The facts of the case, as submitted by the parties, may be summarised as follows.
On 10 May 1999 the applicant and four other persons notified the Vienna Public Security Authority that they wished to form an association with the name “Action Group of Catholic Laity and Clergy in the Diocese of Vienna”.
The Public Security Authority prohibited the formation of the association by decision of 18 June 1999. The applicant’s appeal to the Federal Minister for the Interior was of no avail.
On 11 December 2001 the Constitutional Court dismissed the applicant’s complaint as being unfounded.
Following communication of the application to the respondent Government, the applicant did not nominate a representative within the time-limit set by the Court, nor did he submit any observations. By registered letter of 10 November 2004 he was warned that his failure to react may lead the Court to strike his application out of its list of cases. The applicant did not reply.
The applicant complained under Article 11 of the Convention that the prohibition of the intended religious association violated his right to freedom of association.

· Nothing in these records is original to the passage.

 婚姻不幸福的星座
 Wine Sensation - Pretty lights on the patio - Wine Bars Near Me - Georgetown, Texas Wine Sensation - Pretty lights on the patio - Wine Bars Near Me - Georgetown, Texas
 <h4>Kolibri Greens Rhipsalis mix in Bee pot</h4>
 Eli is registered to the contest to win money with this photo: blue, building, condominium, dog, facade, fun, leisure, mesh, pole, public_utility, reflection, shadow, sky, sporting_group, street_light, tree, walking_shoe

He further submitted that the prohibition was unlawful as it had not been served on him within the time-limit provided for in the Association Act.

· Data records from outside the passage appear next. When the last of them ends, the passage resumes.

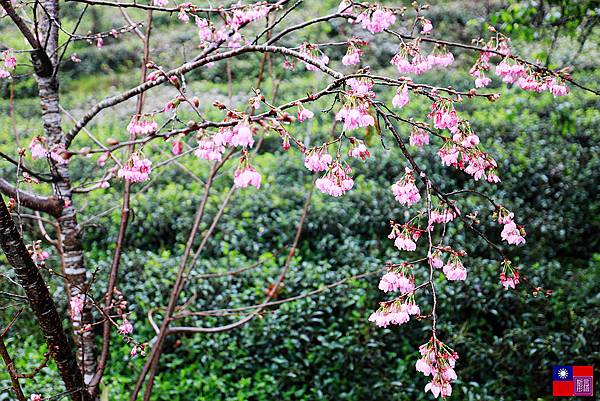 草坪頭茶園賞櫻趣 (2).JPG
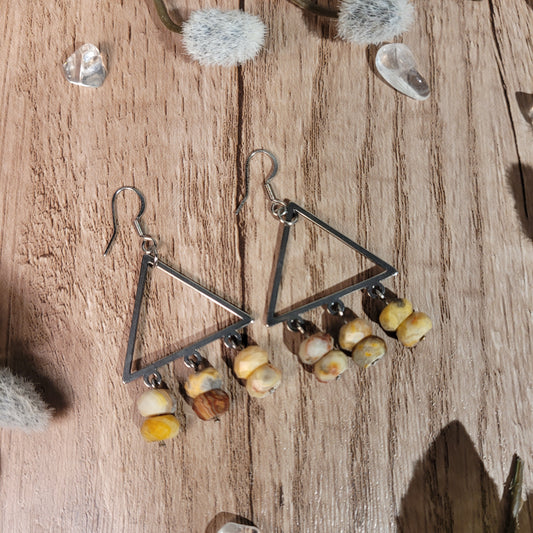 Crazy Lace Agate Earrings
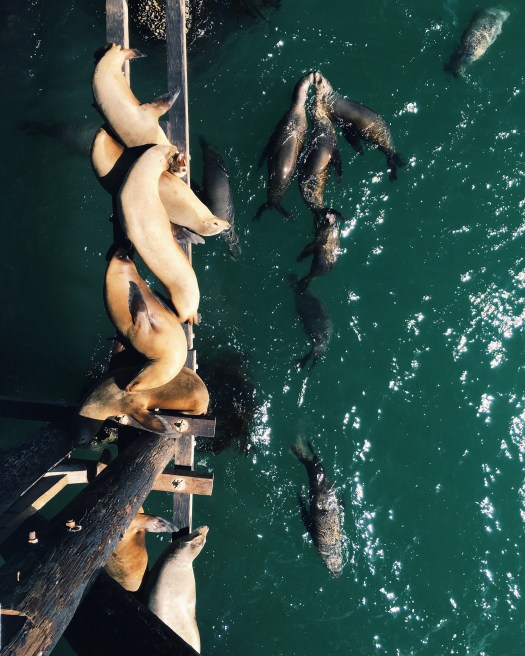 Processed with VSCO with g3 preset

The Court notes that, following the communication of the application to the respondent Government, the applicant failed to react to correspondence from the Court despite an explicit warning as regards the possible consequences of such a failure.
The Court reiterates the terms of Article 37 § 1 of the Convention which, so far as relevant, reads as follows:
“1. The Court may at any stage of the proceedings decide to strike an application out of its list of cases where the circumstances lead to the conclusion that
(a) the applicant does not intend to pursue his application; or ...
However, the Court shall continue the examination of the application if respect for human rights as defined in the Convention and the Protocols thereto so requires.”
Having regard to the circumstances of the present case, the Court concludes that the applicant does not intend to pursue his application. It finds no public policy reasons to justify a continued examination of the application (Article 37 § 1 in fine of the Convention). Accordingly, the case should be struck out of the list.
For these reasons, the Court unanimously
Decides to strike the application out of its list of cases.